Captioned web image data:
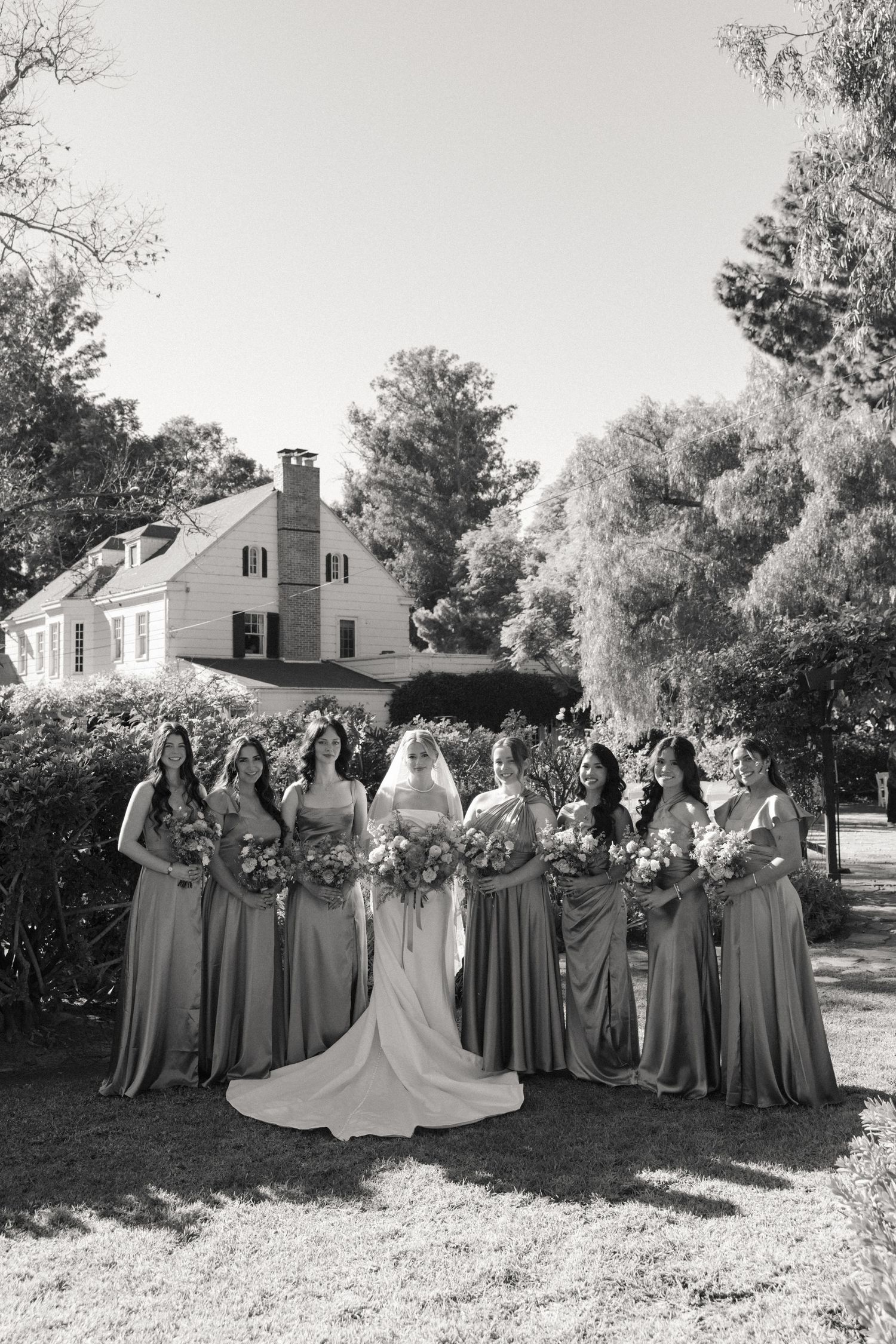 Wedding party in gray bridesmaid dresses poses outdoors in front of a white house on a sunny day.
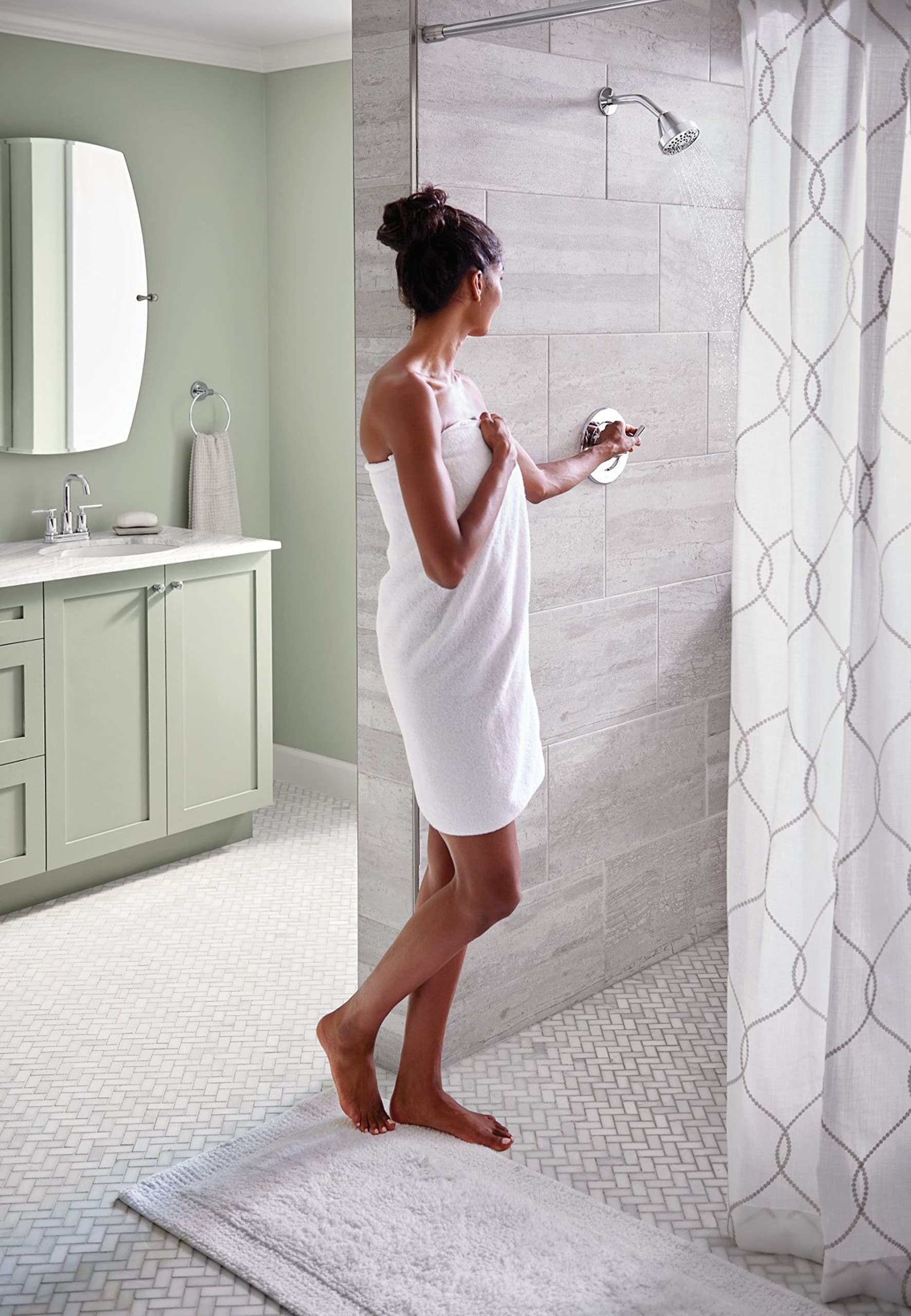 Chrome shower valve trim with round showerhead mounted on gray tile wall in bathroom setting.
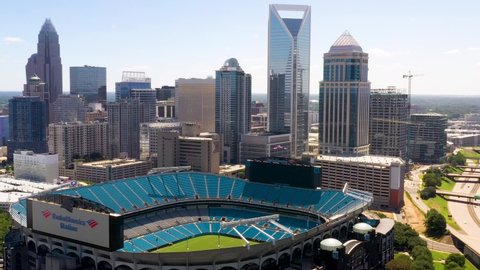 Charlotte , North Carolina , United States - 07 21 2019: American City Skyline and Sports Stadium in North Carolina. Aerial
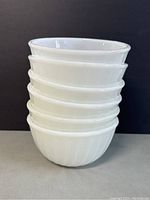Stack of six white Fire-King ovenware bowls.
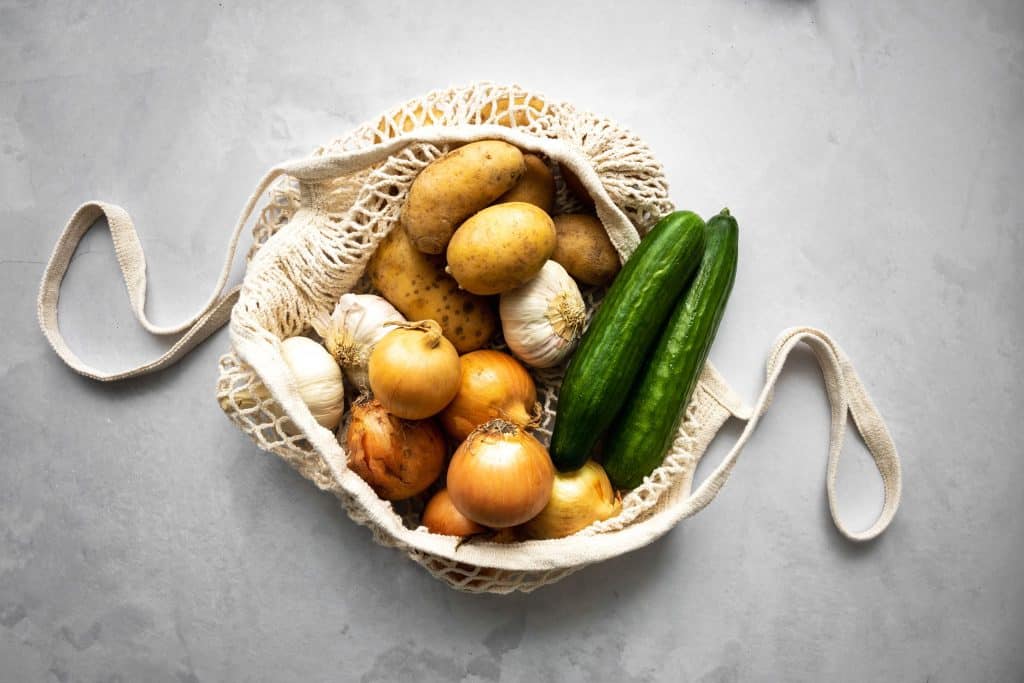 Einkaufsnetz von oben mit Kartoffeln, Gurken, Zwiebel und Knoblauch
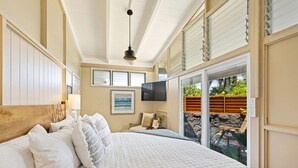 A bedroom with a large bed, a TV mounted on the wall, and a view of the outdoor area through a sliding glass door. - Oceanview Cottage | Walk to Poipu & Brennecke's Beach (Koloa)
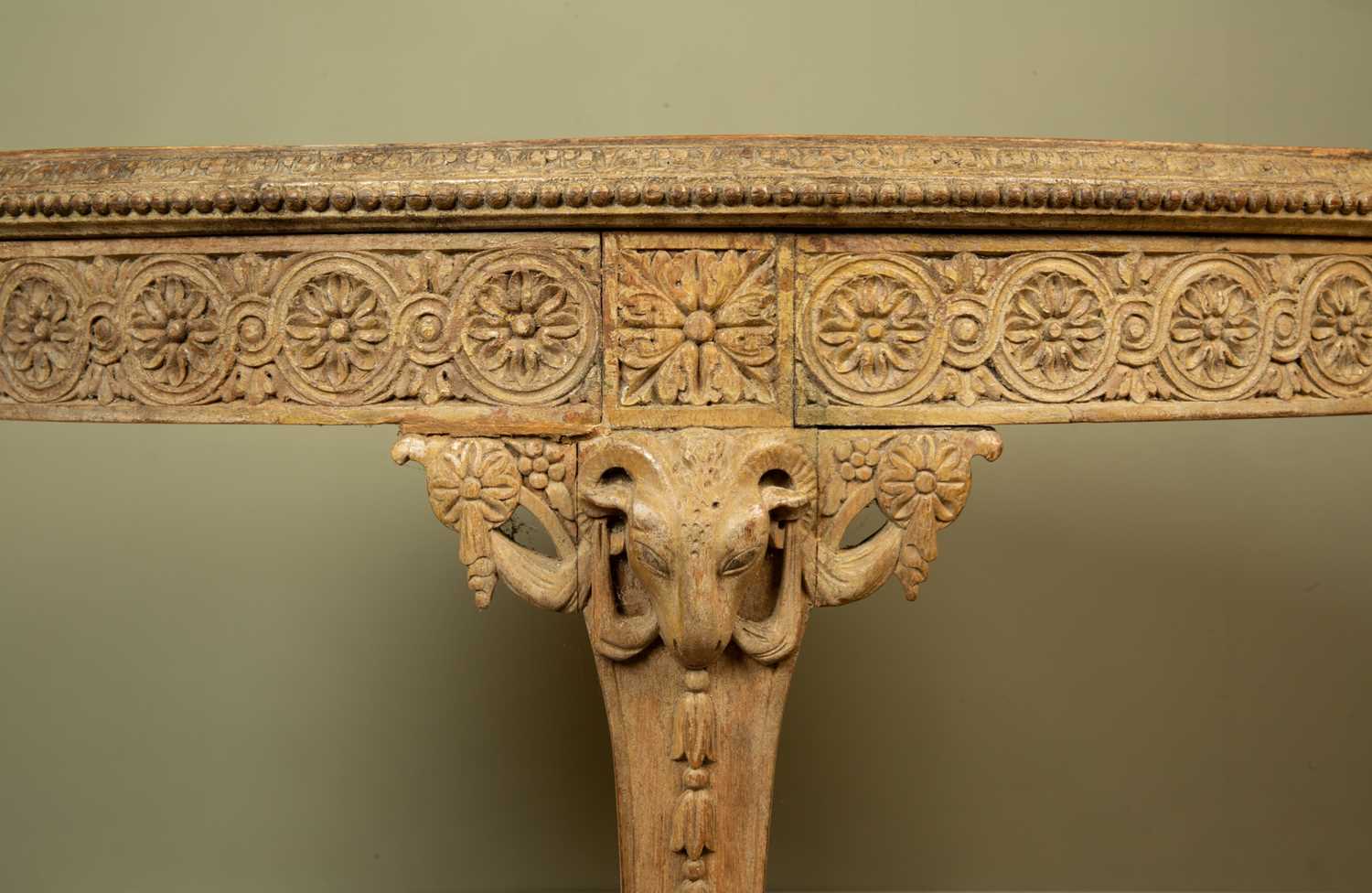 A circular Adam style occasional table with carved wooden edge, rams mask ornament and the legs - Image 2 of 4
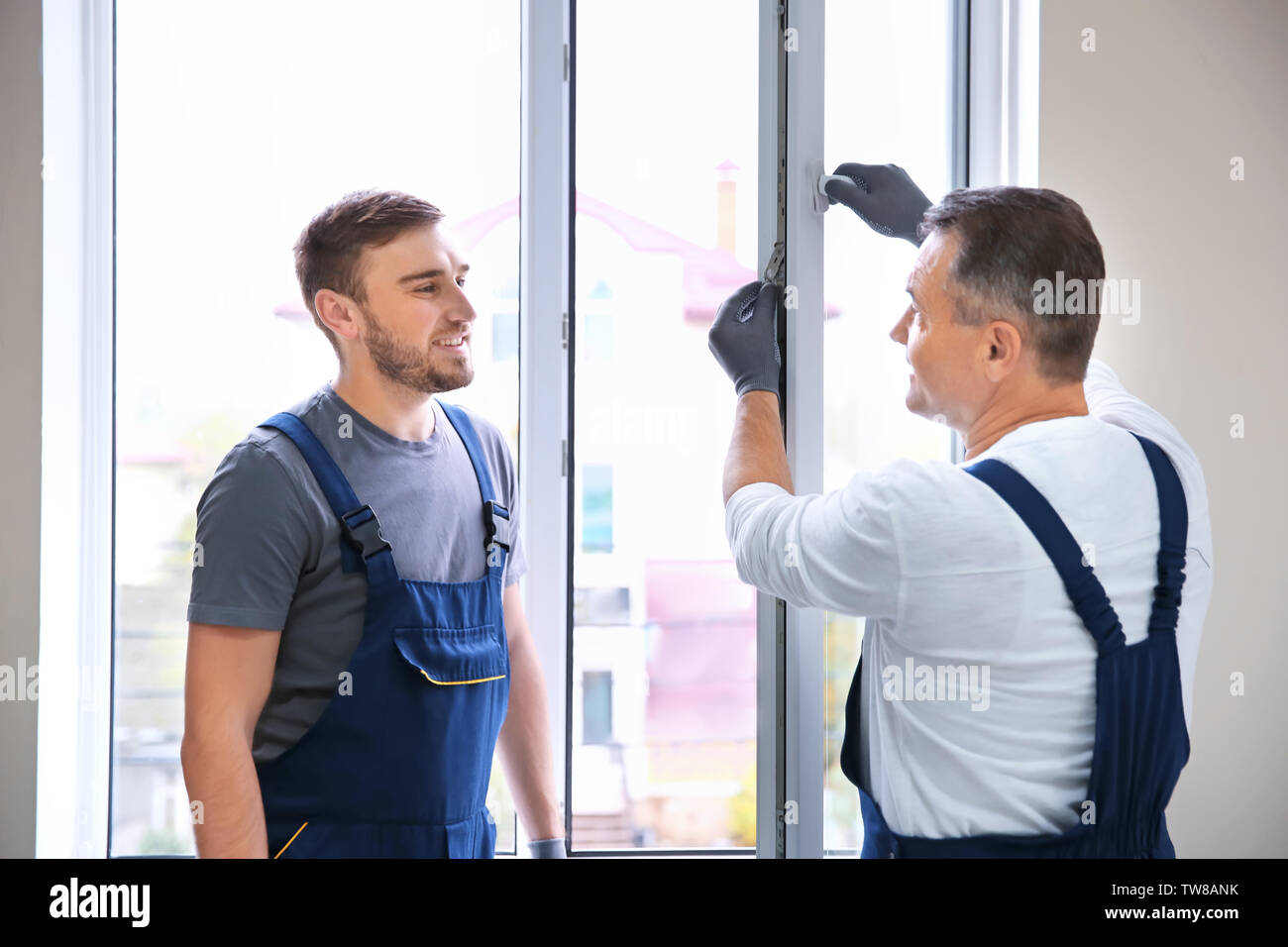 Construction worker with trainee installing window in house Stock Photo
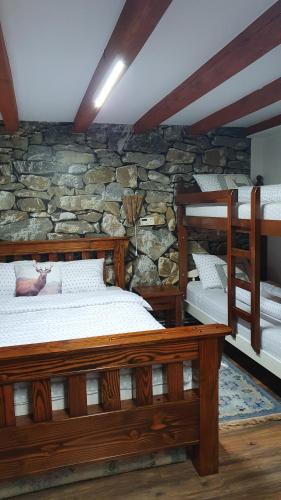 a bedroom with two beds and a stone wall at Vikendica Kločanica in Strmosten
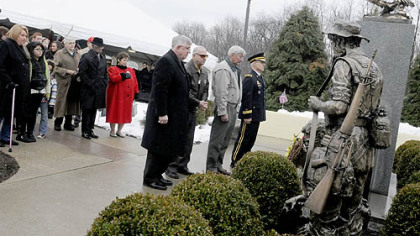 Attendees pause to remember the 13 soldiers from the 14th Quartermaster Detachment killed in the 1991 SCUD missile attack in Iraq.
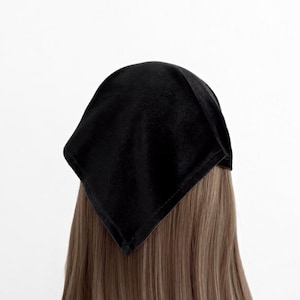 May include: A solid black velvet bandana worn over long, straight, light brown hair. The fabric has a soft, matte texture and is folded into a triangular shape that covers the top and back of the head, draping down to a point at the nape.
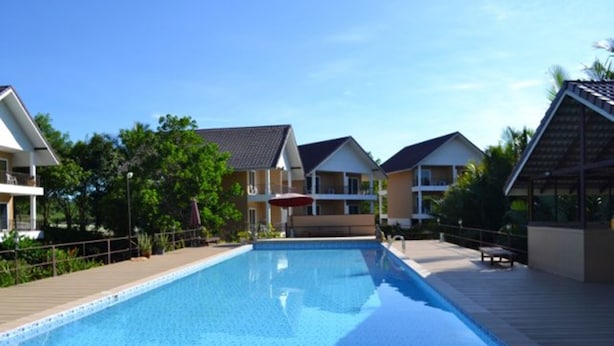 Ein rechteckiger Swimmingpool mit umlaufender Holzterrasse, vor einer Kulisse aus Wohnhäusern und Grünflächen.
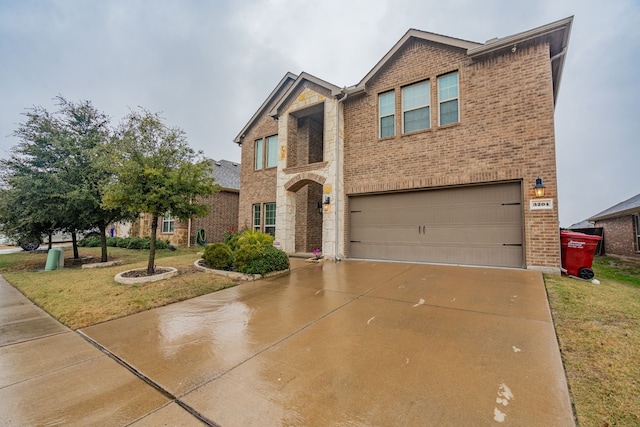 view of front of house featuring a garage and a front lawn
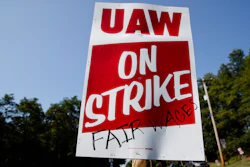 A sign is posted during a demonstration outside a General Motors facility in Langhorne, Pa., on Sept. 23, 2019.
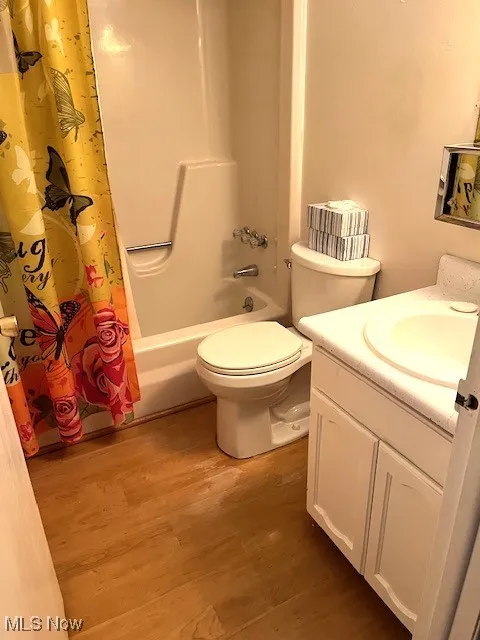Full bathroom with wood finished floors, shower / bath combo with shower curtain, toilet, and vanity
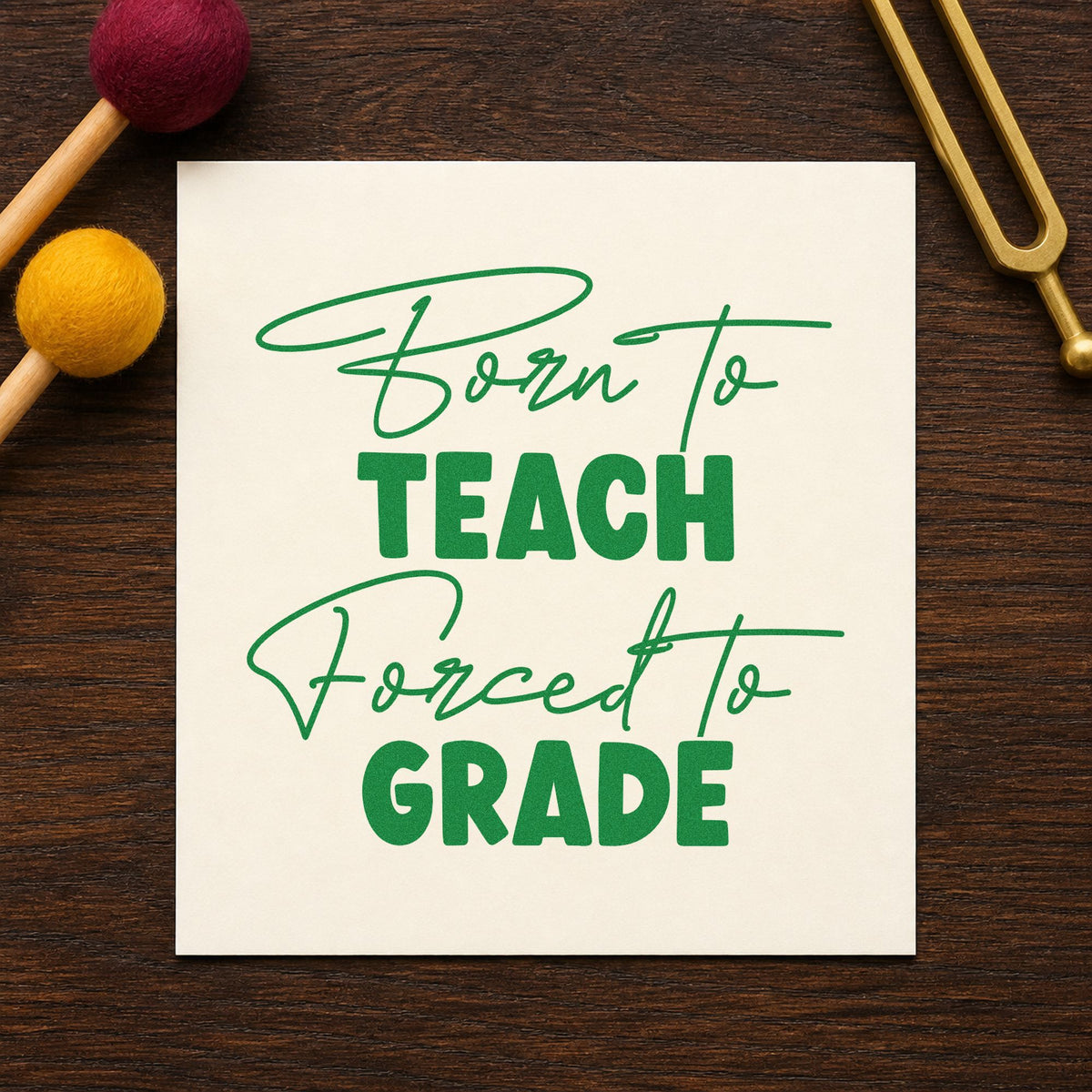 Born to Teach Forced to Grade craft stamp imprint in green ink on a handmade project, one idea being framed marking desk.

**WHAT TO DO**
Please retype the lines from the one containing "view of front" through the last line of the records above, exactly as written, and leave out any pictures.

**RESULT OF THIS TASK**
 view of front of house featuring a garage and a front lawn
 A sign is posted during a demonstration outside a General Motors facility in Langhorne, Pa., on Sept. 23, 2019.
Full bathroom with wood finished floors, shower / bath combo with shower curtain, toilet, and vanity
 Born to Teach Forced to Grade craft stamp imprint in green ink on a handmade project, one idea being framed marking desk.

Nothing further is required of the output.